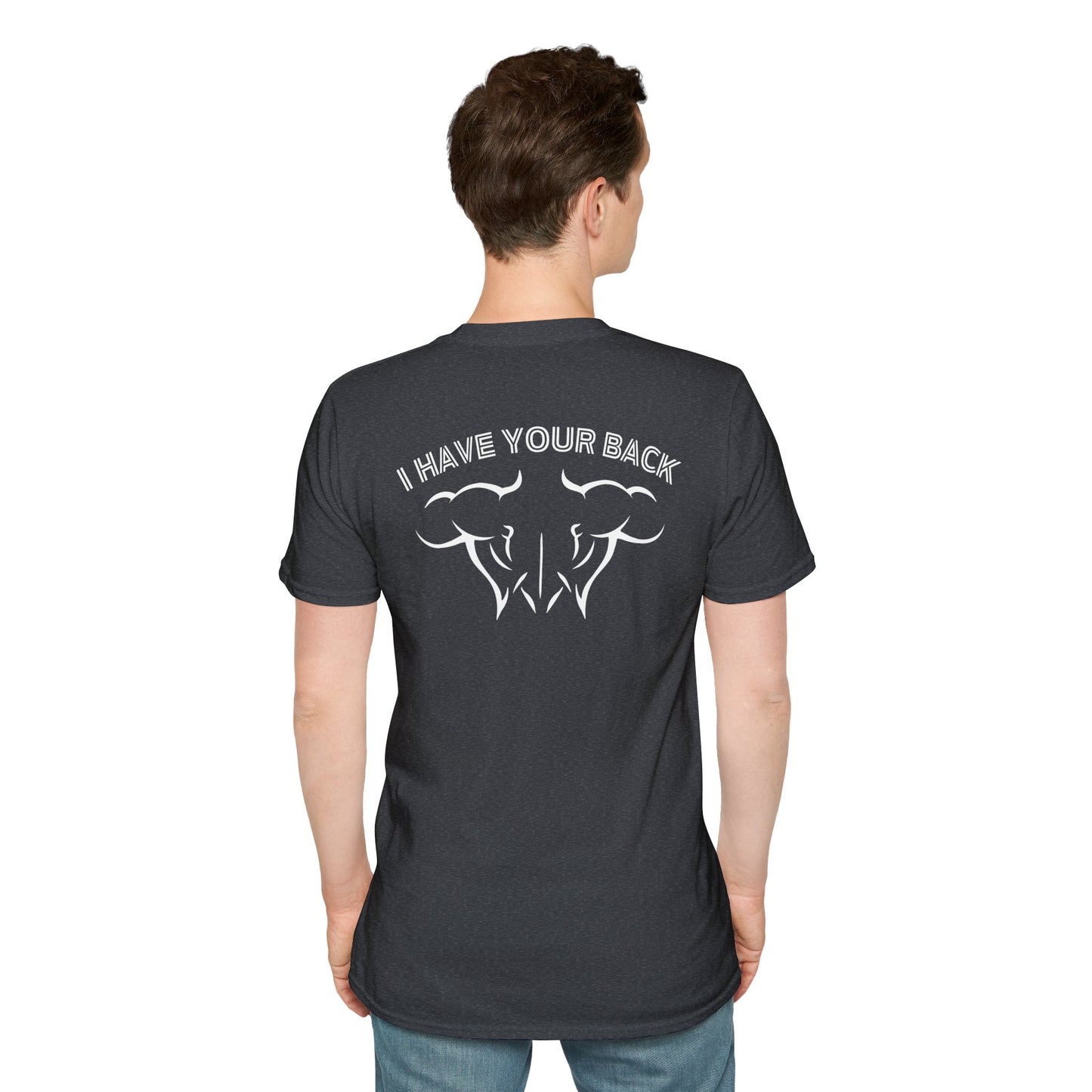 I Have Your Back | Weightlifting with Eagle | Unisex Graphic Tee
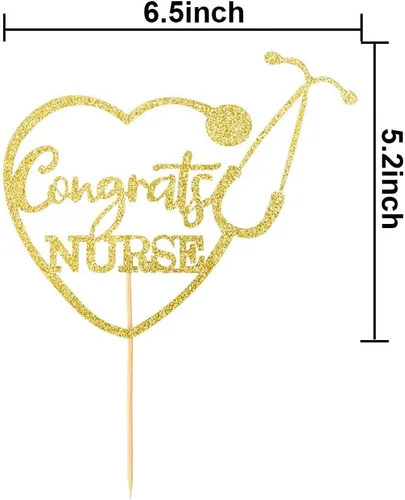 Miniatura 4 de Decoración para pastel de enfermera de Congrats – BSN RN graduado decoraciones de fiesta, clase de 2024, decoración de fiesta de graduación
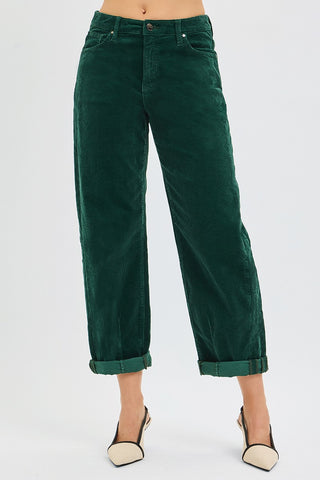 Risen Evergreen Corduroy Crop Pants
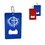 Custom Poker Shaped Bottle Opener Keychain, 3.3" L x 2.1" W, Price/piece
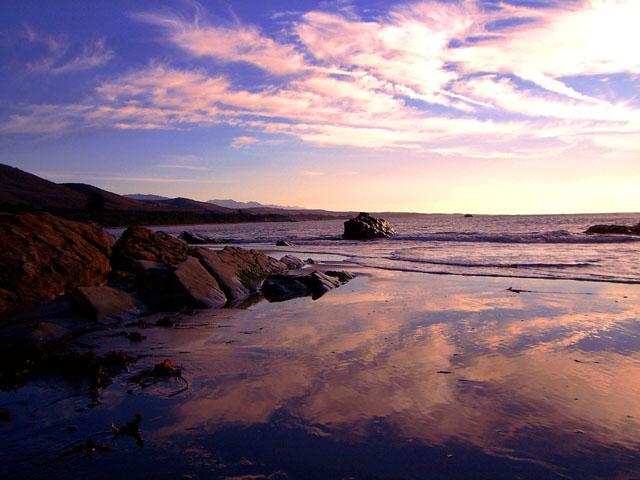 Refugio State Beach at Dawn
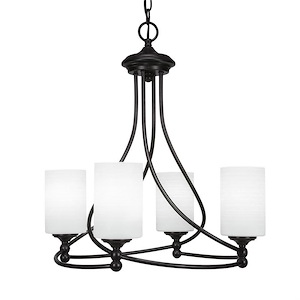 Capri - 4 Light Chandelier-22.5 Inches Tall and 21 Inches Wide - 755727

○ ○ ○ ○ ○

• _To do_
Print the records above exactly, minus pictures.

• _Response to this task_
 I Have Your Back | Weightlifting with Eagle | Unisex Graphic Tee
 Miniatura 4 de Decoración para pastel de enfermera de Congrats – BSN RN graduado decoraciones de fiesta, clase de 2024, decoración de fiesta de graduación
 Risen Evergreen Corduroy Crop Pants
 Custom Poker Shaped Bottle Opener Keychain, 3.3" L x 2.1" W, Price/piece
 Refugio State Beach at Dawn
 Capri - 4 Light Chandelier-22.5 Inches Tall and 21 Inches Wide - 755727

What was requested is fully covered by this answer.